Somebody once said, life is a tale told by an idiot. It has no meaning. Well I must add that life on days with incessant rain, then ought to be a tale told by a drunken idiot. There is even less you can do with it. On days when the sun goes into exile, the rain plays havoc with our spirits and spoilsport with our everyday plans, the most sensible suggestion the internet has to offer is, “let’s cuddle on a rainy day, watch old movies and make out.” Am I being scandalous? Of course I am. As you sit at home, reading and rereading today’s paper, and getting bored under the grey and wet sky, it is a writer’s job to cheer you up, with a line which brings at least a smile on your lips, and perhaps a mischievous thought in your head. The more acceptable suggestion in the Indian context of course, is to have pakoras and tea, and gossip.

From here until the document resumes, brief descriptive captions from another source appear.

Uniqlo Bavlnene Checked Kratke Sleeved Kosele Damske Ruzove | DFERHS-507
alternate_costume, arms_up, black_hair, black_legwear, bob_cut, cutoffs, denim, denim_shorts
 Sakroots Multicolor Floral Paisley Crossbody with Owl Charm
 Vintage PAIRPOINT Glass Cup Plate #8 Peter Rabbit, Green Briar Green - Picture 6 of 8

Of course I don’t want you take the naughty suggestion seriously. I want your attention for a while. Otherwise what is the use of my putting pen to paper, or more accurately thumping the keys on my laptop?  Of course a laptop in the olden days, sometimes referred to somebody who sat snugly on top of your lap. Lo, there I go again. Jesting in the rain. Well the fact is that I am also trying my best to wring my sodden spirit dry. It is not an easy task, you know. We haven’t seen the sun in what seems to be a fortnight, and the forecast doesn’t exactly say, when the sky will brighten up again. I have been reading books till my eyes water, and my mind has now become, a fully soaked and a dripping sponge. The rain has got to me so much that even the imagery, as in the preceding sentence, has got water logged.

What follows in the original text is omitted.